Friday, December 28, 2007

Have The Palestinians Settled On A One State Solution?

Powerline has a post featuring an exclusive from Dan Diker, a foreign and defense policy analyst for the Jerusalem Center for Public Affairs on the post-Annapolis talks. He writes, in part:
However, this author’s four meetings this week with three of the region’s top Arab affairs experts and a senior Palestinian official reveal that the Palestinian’s have already jettisoned the idea of reaching a compromise with Israel and have already hit cruise control if only to collect on promises of eight billion dollars in international commitments.

I sat in a Tel Aviv meeting on Wednesday with a senior advisor to Mahmaoud Abbas who told a few of us Israelis in no uncertain terms. “PA leader Abbas’s hands are tied." He will not agree to anything less than a full Israeli withdrawal to the pre-1967 lines including Jerusalem. That means no Palestinian flexibility on their demands for full sovereignty over Jerusalem’s historic Old City and especially the holy Temple Mount. The Palestinian official added that the Palestinians are also not conceding their demand for the “right of return” of Palestinian refugees to Israel. The only flexibility is the possibility of a two percent land swap. Why such apparent intransigence already? Negotiations have barely started.

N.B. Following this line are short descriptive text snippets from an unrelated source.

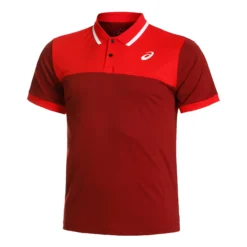Asics Court Polo Uomini - Rosso Scuro, Rosso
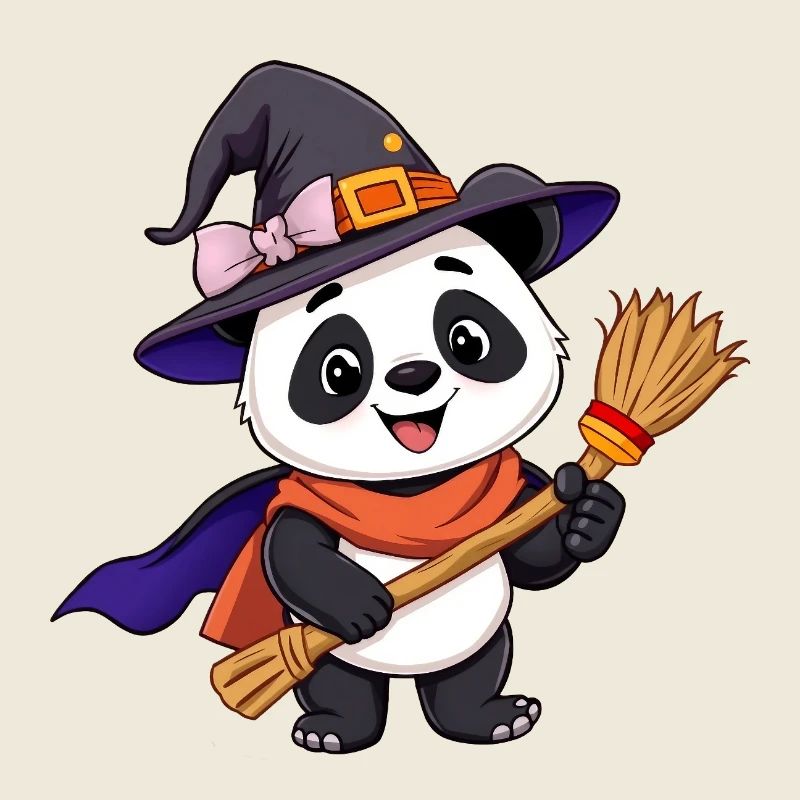 Niedlicher hexenhafter Halloween Panda mit Besen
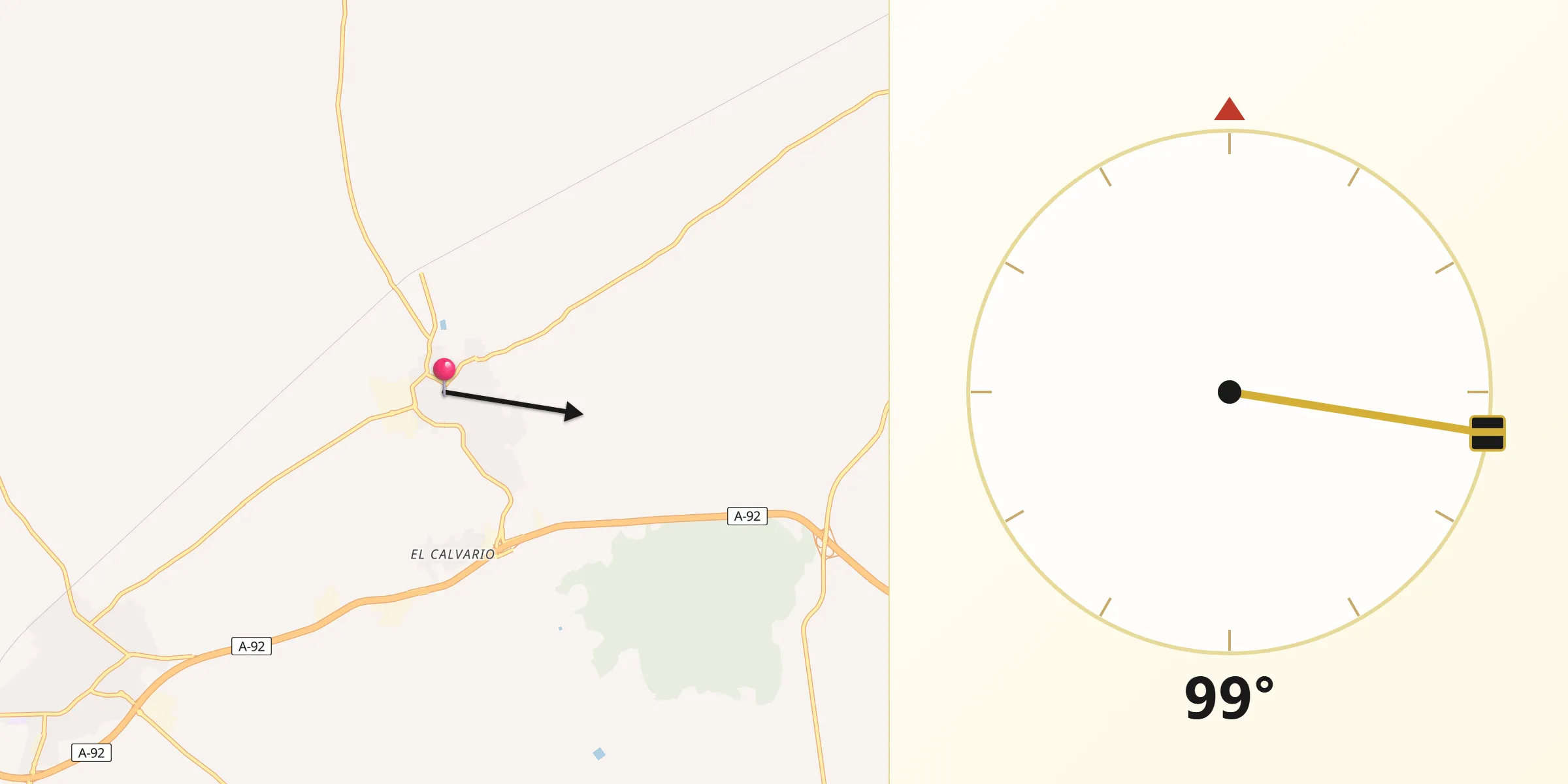 Dirección de la Qibla desde Paradas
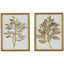 Ensemble de décorations murales en bois et feuilles d'or 3D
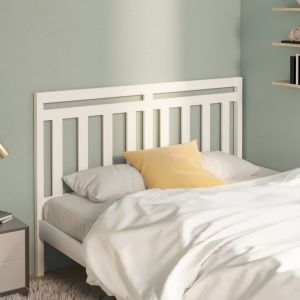Cabecero de cama madera maciza de pino blanco 146x4x100 cm es8752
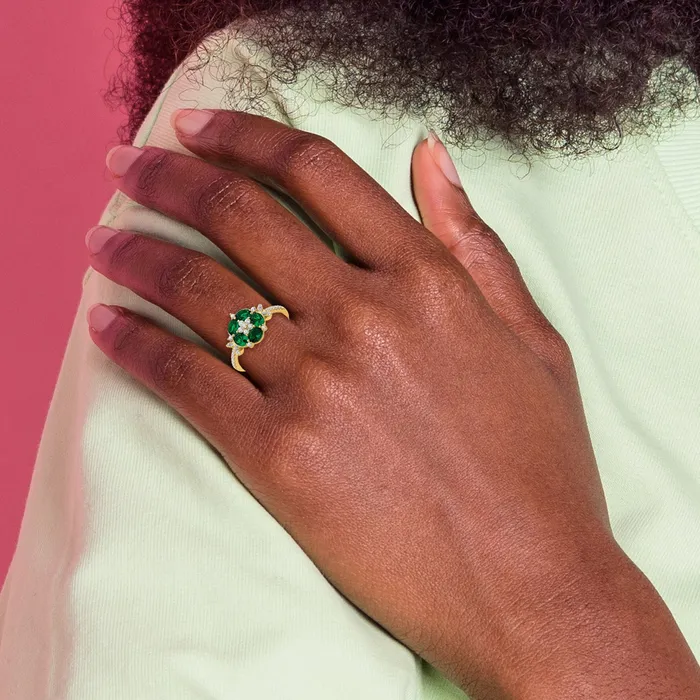 Goldia Rings 14k Yellow Gold Lab Grown Diamond and Lab Created Emerald Floral Ring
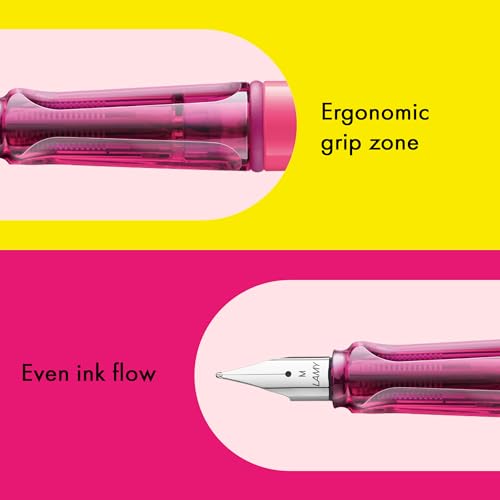 Image of Lamy Safari Neon Pink Fountain Pen with Polished Steel Nib in Line Width M | Lamy Fountain pen with ergonomic grip - robust ASA plastic - incl. LAMY T 10 blue ink cartridge - right-handed users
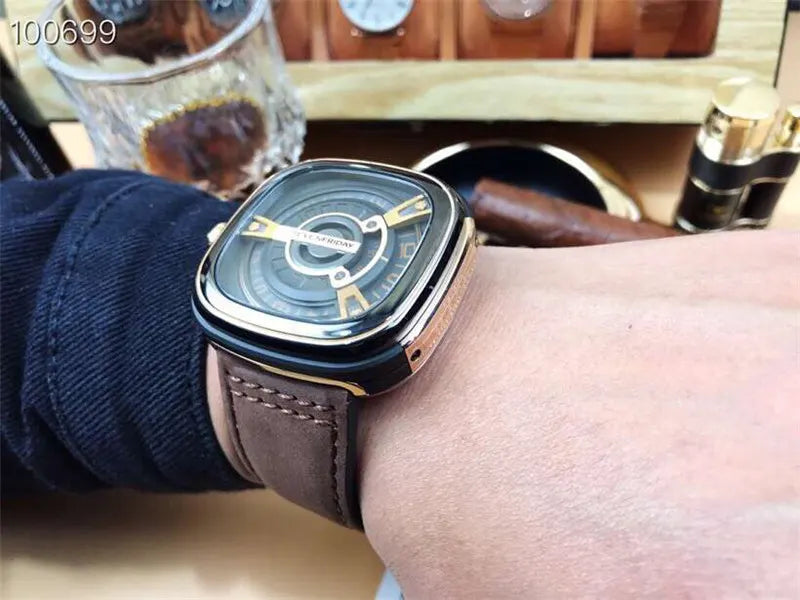 m2 SevenFriday Brown Leather Watch - Hình 3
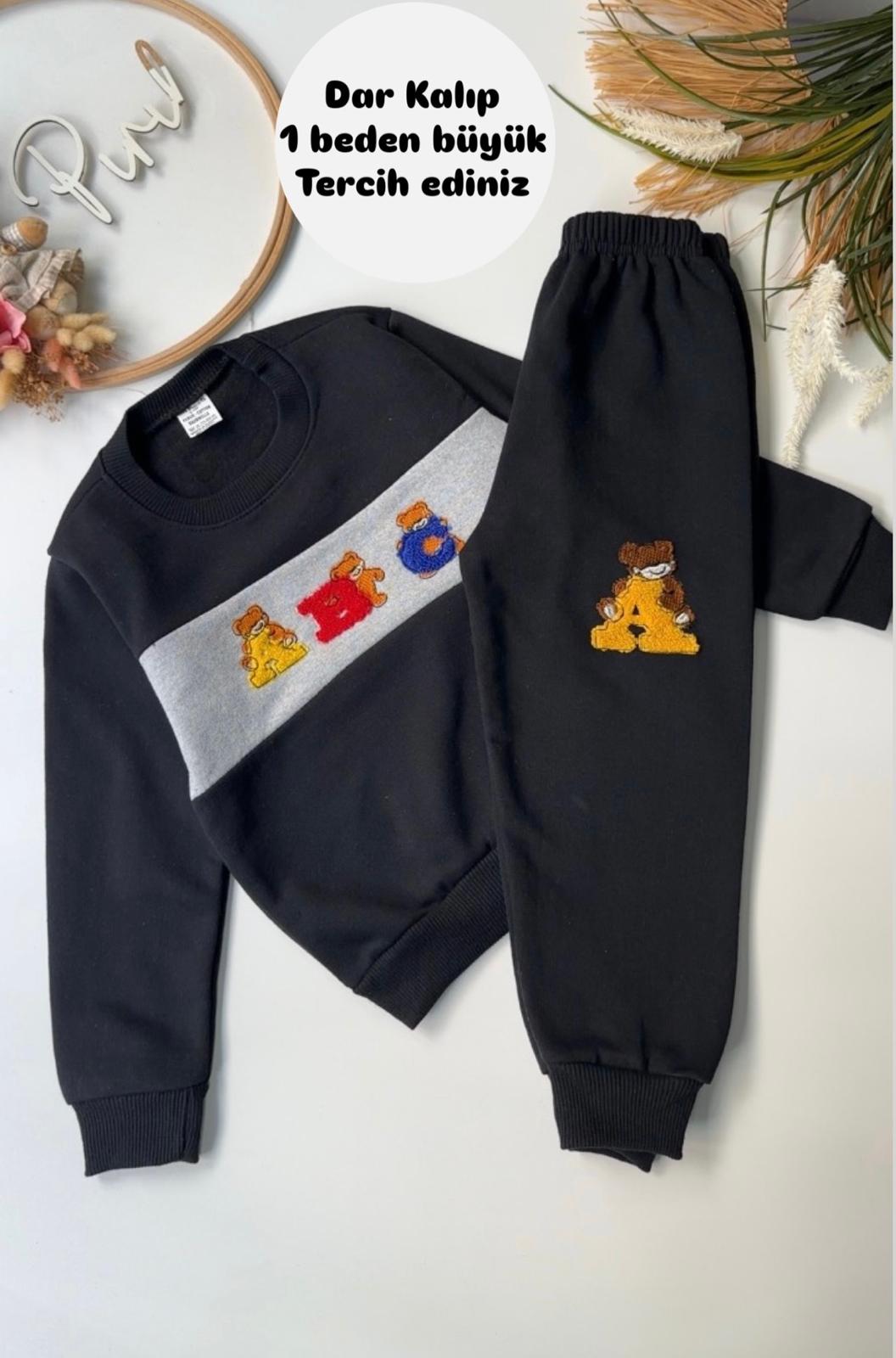 ABC DESENLİ 2 İPLİK ŞARDONLU TAKIM SİYAH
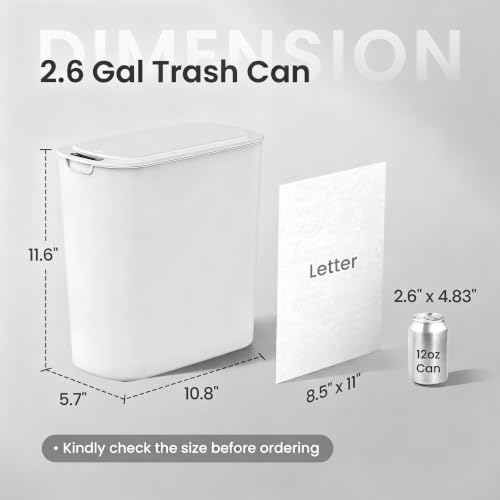 Cesun Automatic Small Bathroom Trash Can with Lid, 2.6 Gallon, White - Image 2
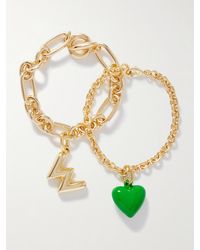 Roxanne Assoulin - The Happy Heart Initial Set Of Two-Tone And Enamel Bracelets - Lyst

This apparent zero sum Palestinian game may explain why three of Israel’s leading experts and fellow colleagues on the Arab East told me flat out in separate meetings this week their assessment that the Palestinians have already given up on the two state solution. One of Israel’s best known Arab affairs analysts stated to me, “The Palestinian pursuit of a two state solution has ended.” They have condemned themselves to a fate worse than the 1948 “Nakba” (disaster). They are now committed to the one state solution: One state for Arabs and Jews. Moreover, the Palestinians are too tired for another terror Intifada in the near future.

Apparently the White House and State Department are out of the loop.
The phrase "one state solution" is a contradiction in terms.
Just how far would the West be willing to back Abbas on such a play?